**EXERCISE REQUIREMENTS:** Omit the pictures, please, and give each record below again exactly.

(Short text fragments from websites)
━━━━━━

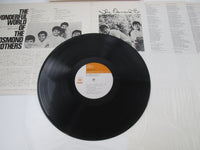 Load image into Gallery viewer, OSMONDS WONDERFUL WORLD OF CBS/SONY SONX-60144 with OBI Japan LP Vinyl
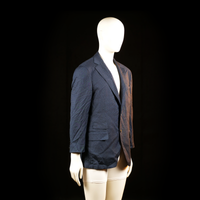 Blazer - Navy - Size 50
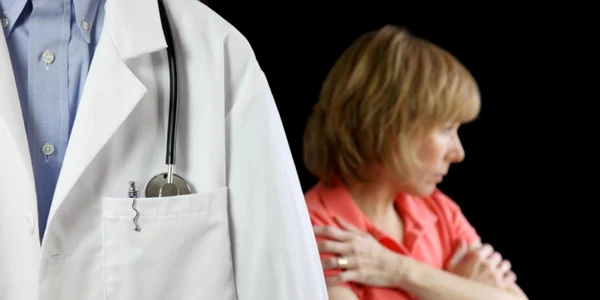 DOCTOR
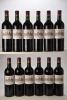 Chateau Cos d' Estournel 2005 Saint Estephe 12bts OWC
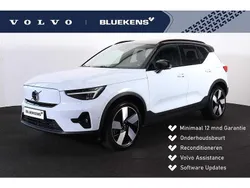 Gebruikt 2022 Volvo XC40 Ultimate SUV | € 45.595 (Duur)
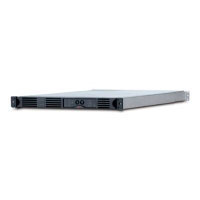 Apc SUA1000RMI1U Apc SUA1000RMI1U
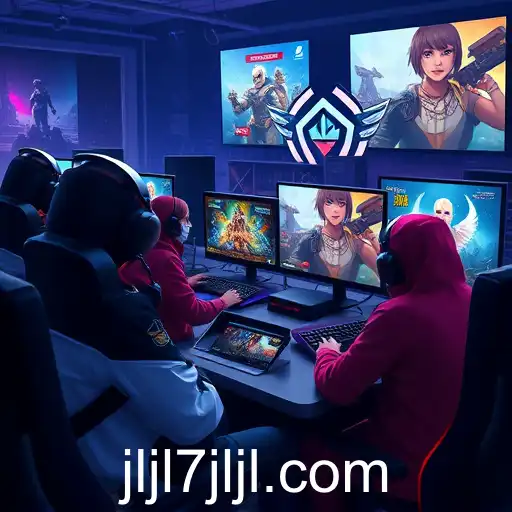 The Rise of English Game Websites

━━━━━━

**SOLUTION FOR THIS TASK:**
 Load image into Gallery viewer, OSMONDS WONDERFUL WORLD OF CBS/SONY SONX-60144 with OBI Japan LP Vinyl
 Blazer - Navy - Size 50
 DOCTOR
 Chateau Cos d' Estournel 2005 Saint Estephe 12bts OWC
 Gebruikt 2022 Volvo XC40 Ultimate SUV | € 45.595 (Duur)
 Apc SUA1000RMI1U Apc SUA1000RMI1U
 The Rise of English Game Websites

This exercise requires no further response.